Bill Holter’s Commentary
Does anyone remember hearing “we will go to bed on a Friday night and wake up to an entirely different world on Monday”?
S&P 500 Plunges 7%, Triggering Market-Wide Stock Trading Halt
March 9, 2020
(Bloomberg) — The severe rout in U.S. stocks triggered trading curbs that the New York Stock Exchange put in place after the 1987 Black Monday crash.
A 15-minute trading halt took hold after the S&P 500 Index fell 7% to 2,764.21 as of 9:34 a.m. in New York, triggering the breaker for the first time since December 2008 at the depths of the financial crisis. The gauge extended losses to 7.2% when trading resumed at 9:49 a.m.

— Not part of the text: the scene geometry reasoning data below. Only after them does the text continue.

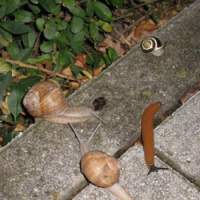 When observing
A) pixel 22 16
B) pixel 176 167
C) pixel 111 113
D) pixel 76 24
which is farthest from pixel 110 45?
pixel 176 167

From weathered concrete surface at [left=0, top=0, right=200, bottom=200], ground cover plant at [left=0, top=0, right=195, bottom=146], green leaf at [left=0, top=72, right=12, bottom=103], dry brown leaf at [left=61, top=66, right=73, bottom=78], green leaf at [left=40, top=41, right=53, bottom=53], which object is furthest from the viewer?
dry brown leaf at [left=61, top=66, right=73, bottom=78]

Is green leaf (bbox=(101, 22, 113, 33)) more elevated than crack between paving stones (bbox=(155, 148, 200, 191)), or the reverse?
green leaf (bbox=(101, 22, 113, 33))

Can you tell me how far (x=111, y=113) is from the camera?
277cm

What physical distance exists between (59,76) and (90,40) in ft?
1.06

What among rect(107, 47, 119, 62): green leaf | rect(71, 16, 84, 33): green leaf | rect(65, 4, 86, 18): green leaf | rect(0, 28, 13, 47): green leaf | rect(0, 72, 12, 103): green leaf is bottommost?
rect(107, 47, 119, 62): green leaf

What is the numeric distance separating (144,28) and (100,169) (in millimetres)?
1442

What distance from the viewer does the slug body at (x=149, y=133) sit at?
100 inches

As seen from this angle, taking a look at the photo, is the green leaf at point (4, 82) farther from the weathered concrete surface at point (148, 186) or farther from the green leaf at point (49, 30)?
the weathered concrete surface at point (148, 186)

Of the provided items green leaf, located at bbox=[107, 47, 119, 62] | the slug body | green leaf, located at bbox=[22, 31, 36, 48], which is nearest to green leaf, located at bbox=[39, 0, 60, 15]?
green leaf, located at bbox=[22, 31, 36, 48]

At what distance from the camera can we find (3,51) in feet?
10.9

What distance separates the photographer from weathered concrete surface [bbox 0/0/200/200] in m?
2.54

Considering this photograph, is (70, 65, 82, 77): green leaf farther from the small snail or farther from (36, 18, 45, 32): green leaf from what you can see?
the small snail

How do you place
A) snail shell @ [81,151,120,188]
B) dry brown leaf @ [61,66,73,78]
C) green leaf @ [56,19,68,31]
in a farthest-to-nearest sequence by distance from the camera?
1. dry brown leaf @ [61,66,73,78]
2. green leaf @ [56,19,68,31]
3. snail shell @ [81,151,120,188]

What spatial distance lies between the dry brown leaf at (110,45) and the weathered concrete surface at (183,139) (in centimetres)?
81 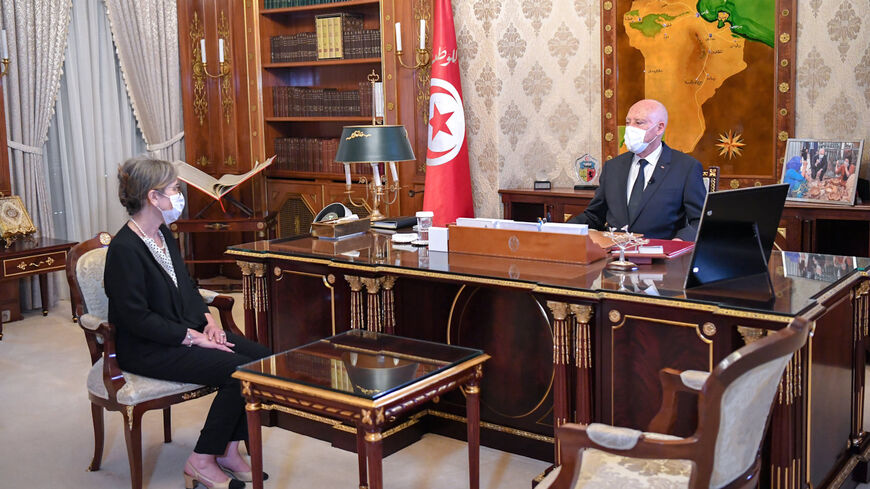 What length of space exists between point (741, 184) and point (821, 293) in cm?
258

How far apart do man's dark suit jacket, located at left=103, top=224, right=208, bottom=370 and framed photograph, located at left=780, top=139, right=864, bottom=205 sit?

“Even though people are concerned it could create more problems, it does allow people to step back and re-assess what they’re doing,” said Matt Maley, an equity strategist at Miller Tabak & Co. “The one thing is, it’s been a long time since any of these circuit breakers kicked in. Back then, it was positive. It allowed people to calm down a little bit.”
Another 15-minute pause will happen if losses reach 13%, a drop that would put the S&P 500 at 2,585.96. If the decline hits 20%, or 2,377.9, markets will close for the day. Only the 20% rule applies in the final 35 minutes of cash trading. Traders have never seen a 13% or 20% breaker trip.
The last time stocks trigged the 7% circuit breaker, on Dec. 1, 2008, the S&P 500 Index ended the day down 8.9%.